• **Exercise requirements**:
Pull each line containing "Apartment" out of the data and copy it.

Record extracts: Begin

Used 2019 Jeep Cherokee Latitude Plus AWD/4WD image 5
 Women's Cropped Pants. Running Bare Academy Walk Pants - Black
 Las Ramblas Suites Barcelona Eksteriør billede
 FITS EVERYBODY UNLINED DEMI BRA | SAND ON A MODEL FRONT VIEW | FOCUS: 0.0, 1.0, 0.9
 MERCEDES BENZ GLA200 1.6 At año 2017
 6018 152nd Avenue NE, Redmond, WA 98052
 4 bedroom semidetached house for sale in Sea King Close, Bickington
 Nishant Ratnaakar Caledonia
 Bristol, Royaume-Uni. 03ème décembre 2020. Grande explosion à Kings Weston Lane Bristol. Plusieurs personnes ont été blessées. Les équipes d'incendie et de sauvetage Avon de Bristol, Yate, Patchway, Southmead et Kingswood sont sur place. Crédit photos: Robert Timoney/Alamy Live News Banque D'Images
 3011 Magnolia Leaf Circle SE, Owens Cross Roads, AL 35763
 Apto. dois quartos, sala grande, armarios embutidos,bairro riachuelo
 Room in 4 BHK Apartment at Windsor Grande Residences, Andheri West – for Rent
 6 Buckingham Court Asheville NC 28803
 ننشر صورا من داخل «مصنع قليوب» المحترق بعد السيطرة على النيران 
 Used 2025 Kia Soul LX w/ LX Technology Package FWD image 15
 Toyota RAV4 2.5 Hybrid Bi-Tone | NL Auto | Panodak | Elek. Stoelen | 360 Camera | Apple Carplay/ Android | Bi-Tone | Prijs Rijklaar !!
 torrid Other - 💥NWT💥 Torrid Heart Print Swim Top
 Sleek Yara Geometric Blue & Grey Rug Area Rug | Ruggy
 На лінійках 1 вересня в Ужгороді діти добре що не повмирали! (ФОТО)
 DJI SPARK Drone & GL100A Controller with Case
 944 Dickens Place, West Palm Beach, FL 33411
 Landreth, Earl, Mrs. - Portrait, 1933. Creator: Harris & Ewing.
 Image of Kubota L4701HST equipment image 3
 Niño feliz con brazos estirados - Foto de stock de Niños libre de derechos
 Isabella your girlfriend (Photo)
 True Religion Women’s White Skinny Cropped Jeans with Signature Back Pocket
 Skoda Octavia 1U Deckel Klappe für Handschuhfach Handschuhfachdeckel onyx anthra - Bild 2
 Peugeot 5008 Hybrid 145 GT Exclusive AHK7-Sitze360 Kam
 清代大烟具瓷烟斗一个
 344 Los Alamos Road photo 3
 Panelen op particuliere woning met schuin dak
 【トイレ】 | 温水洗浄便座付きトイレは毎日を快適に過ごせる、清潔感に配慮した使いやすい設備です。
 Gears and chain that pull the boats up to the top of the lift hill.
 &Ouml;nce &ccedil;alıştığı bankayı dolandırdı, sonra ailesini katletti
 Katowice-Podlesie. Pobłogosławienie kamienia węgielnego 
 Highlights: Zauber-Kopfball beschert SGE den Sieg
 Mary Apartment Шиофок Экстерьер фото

Record extracts: End

• **Solution below**:
 Room in 4 BHK Apartment at Windsor Grande Residences, Andheri West – for Rent
 Mary Apartment Шиофок Экстерьер фото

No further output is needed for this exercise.